WHAT YOU ARE ASKED TO DO:
Every line from the one bearing "Guarded Street Modern Bungalow - 4" through the last line of the records below is to be output exactly, and no other line; leave out the pictures.
___
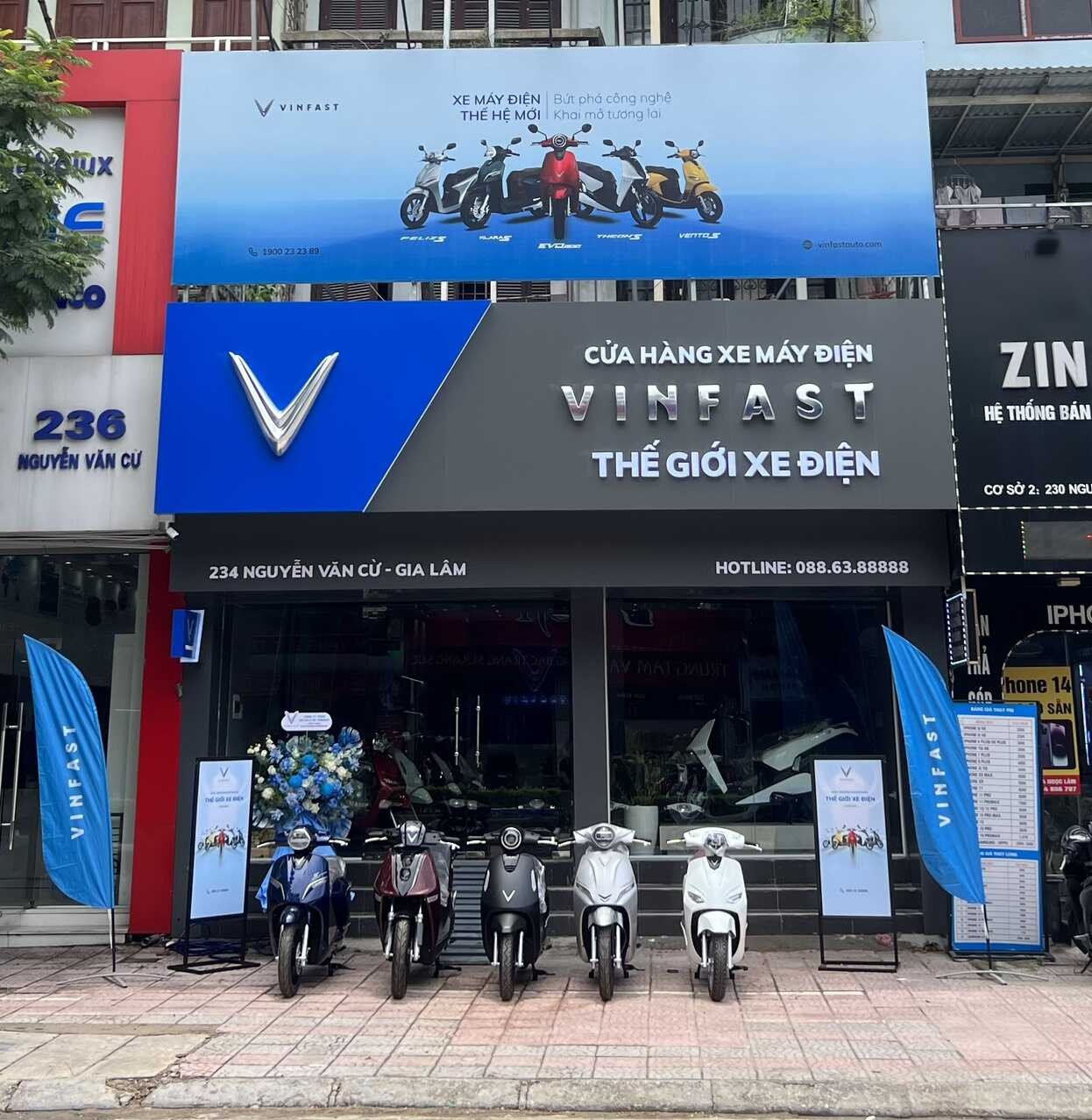 Xe máy điện VinFast đang được trưng bày với nhiều mẫu mã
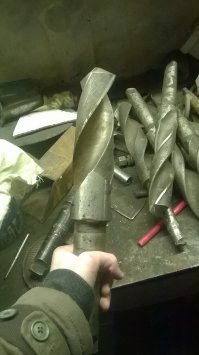 В Британии пришлось спасать 37-летнего шутника, который застрял в конструкции детской качели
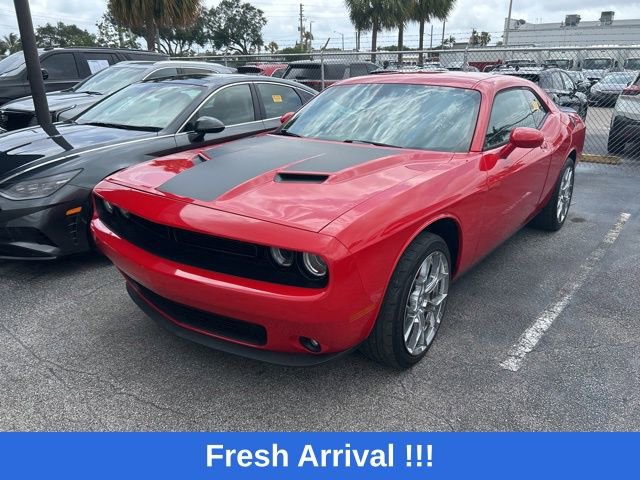 Used 2021 Dodge Challenger SXT w/ Plus Package RWD image 2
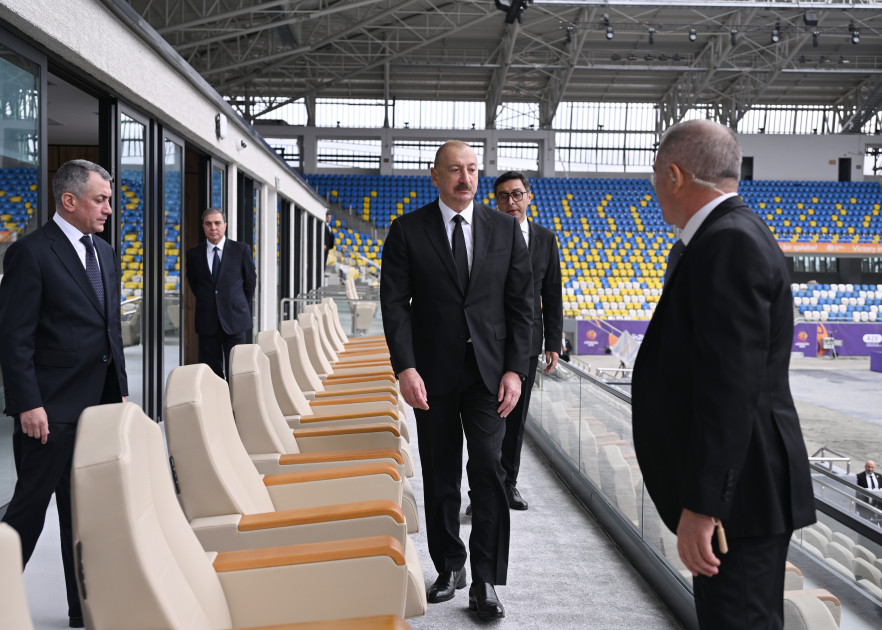 Prezident Gəncə şəhər stadionunun açılışında
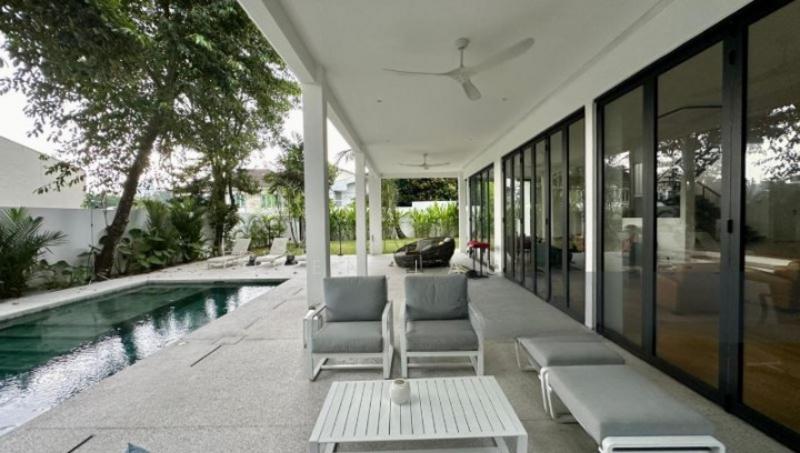 Guarded Street Modern Bungalow - 4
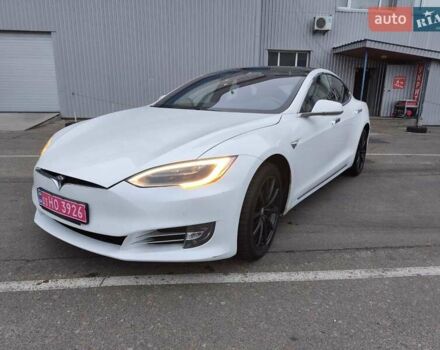 Белый Тесла Модель С, объемом двигателя 0 л и пробегом 178 тыс. км за 22999 $, фото 17 на Automoto.ua
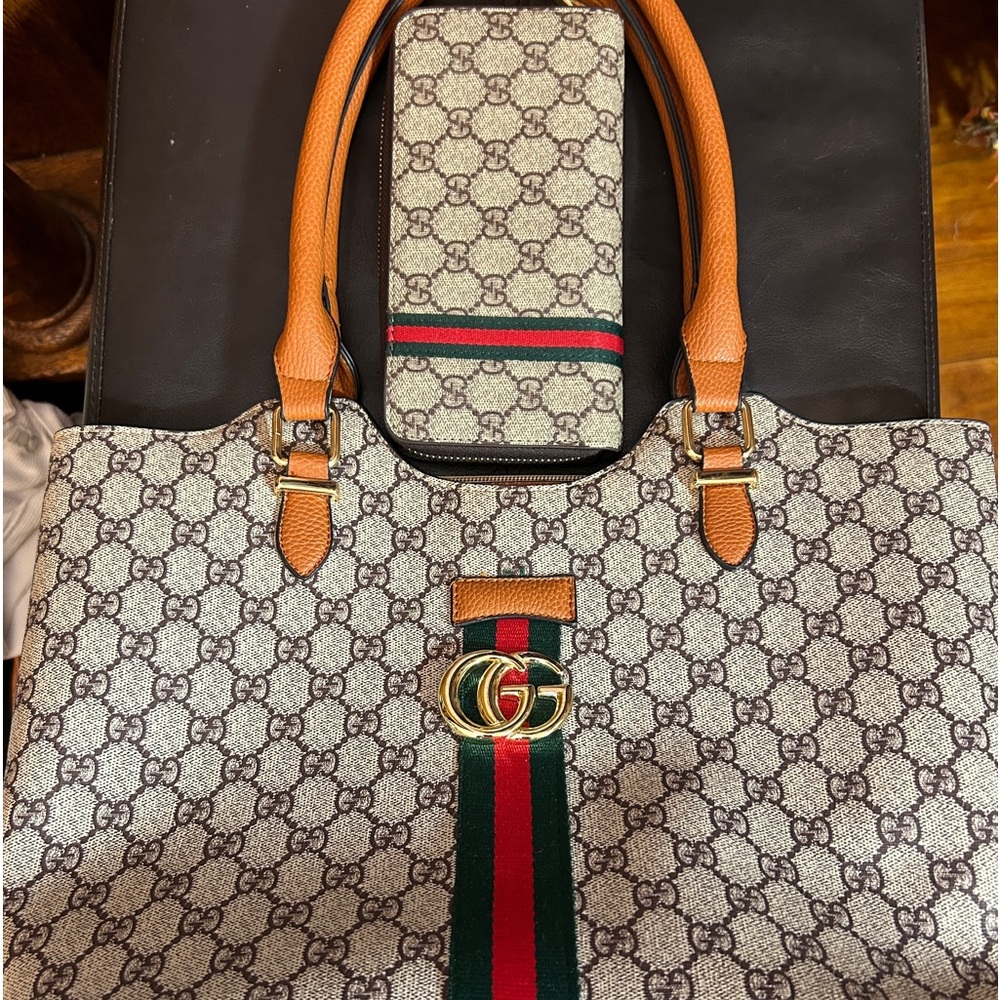 Gucci handbag and wallet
___
SOLUTION TO THIS EXERCISE:
 Guarded Street Modern Bungalow - 4
 Белый Тесла Модель С, объемом двигателя 0 л и пробегом 178 тыс. км за 22999 $, фото 17 на Automoto.ua
 Gucci handbag and wallet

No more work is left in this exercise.